6 “For you are a holy people to the Lord your God; the Lord your God has chosen you to be a people for Himself, a special treasure above all the peoples on the face of the earth.”

That passage from Deuteronomy appears before the tablets of the law are given to Moses, but that it is also considered to be part of the Law of Moses is established by the fact that it is restated in the 12th chapter of Deuteronomy, after the tablets were given to Moses:

“12 “These are the statutes and judgments which you shall be careful to observe in the land which the Lord God of your fathers is giving you to possess, all the days that you live on the earth. 2 You shall utterly destroy all the places where the nations which you shall dispossess served their gods, on the high mountains and on the hills and under every green tree. 3 And you shall destroy their altars, break their sacred pillars, and burn their wooden images with fire; you shall cut down the carved images of their gods and destroy their names from that place. 4 You shall not worship the Lord your God with such things.”

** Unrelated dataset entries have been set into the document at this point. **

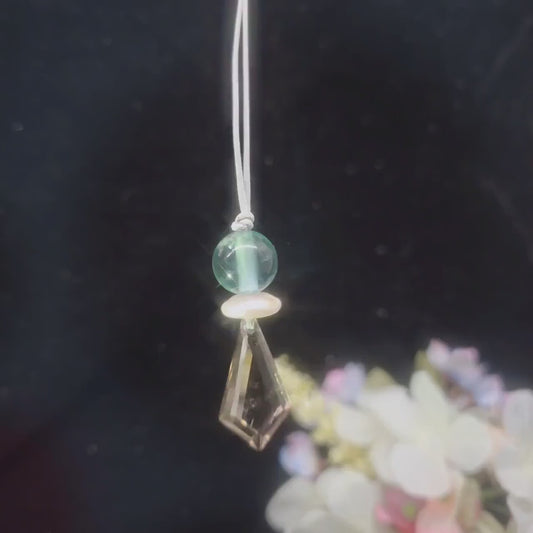 Smoky Quartz  Green Fluorite Necklace - Crystal Point Pendant - Natural Pearl Accents - 30" Adjustable Leather - Chunky Healing #2076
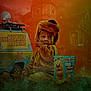 Tishawn joined the competition — help win amazing prizes! child, toddler, costume, scooby_doo, mystery_machine, graham_crackers, snack_box, fog, van, building, spooky, mansion, orange_background, playful, cute, sitting, face, person, toy, indoor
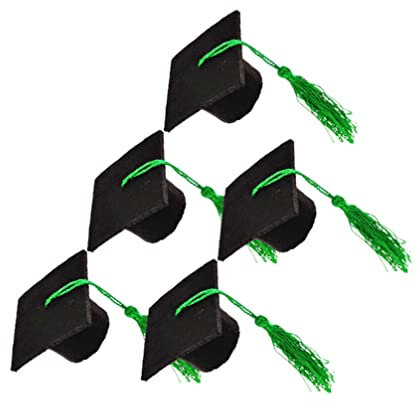 Holibanna 5stücke Mini Doktorhut Weinkappen Mit Quaste Flasche Dekoration Für Abschlussfeiern Grüne Weinflaschenhülle Für Feierliche Anlässe Und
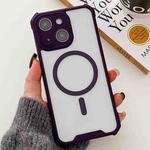 For iPhone 15 Plus Colorful Two-Color Lens Film MagSafe Magnetic Horn Acrylic+TPU Case(Purple)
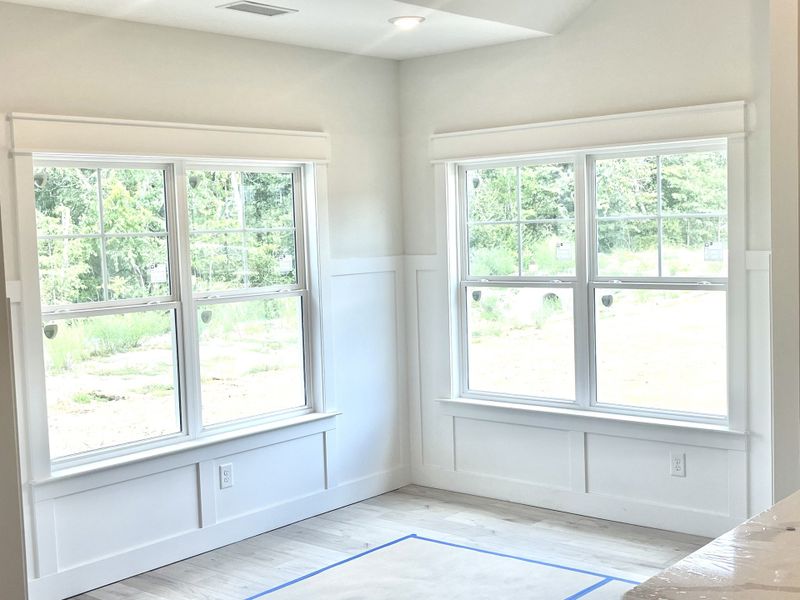Breakfast area with additional trim looks so nice!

That appears to be a good example, doesn’t it? But if that is too lengthy or complicated, there are many other good examples in the Law of Moses, following the Ten Commandments, which show that many of them have to do with moral issues. Here is another one, from the 13th chapter of Deuteronomy:

“13 If there arises among you a prophet or a dreamer of dreams, and he gives you a sign or a wonder, 2 and the sign or the wonder comes to pass, of which he spoke to you, saying, ‘Let us go after other gods’—which you have not known—‘and let us serve them,’ 3 you shall not listen to the words of that prophet or that dreamer of dreams, for the Lord your God is testing you to know whether you love the Lord your God with all your heart and with all your soul. 4 You shall walk after the Lord your God and fear Him, and keep His commandments and obey His voice; you shall serve Him and hold fast to Him. 5 But that prophet or that dreamer of dreams shall be put to death, because he has spoken in order to turn you away from the Lord your God, who brought you out of the land of Egypt and redeemed you from the house of bondage, to entice you from the way in which the Lord your God commanded you to walk. So you shall put away the evil from your midst.”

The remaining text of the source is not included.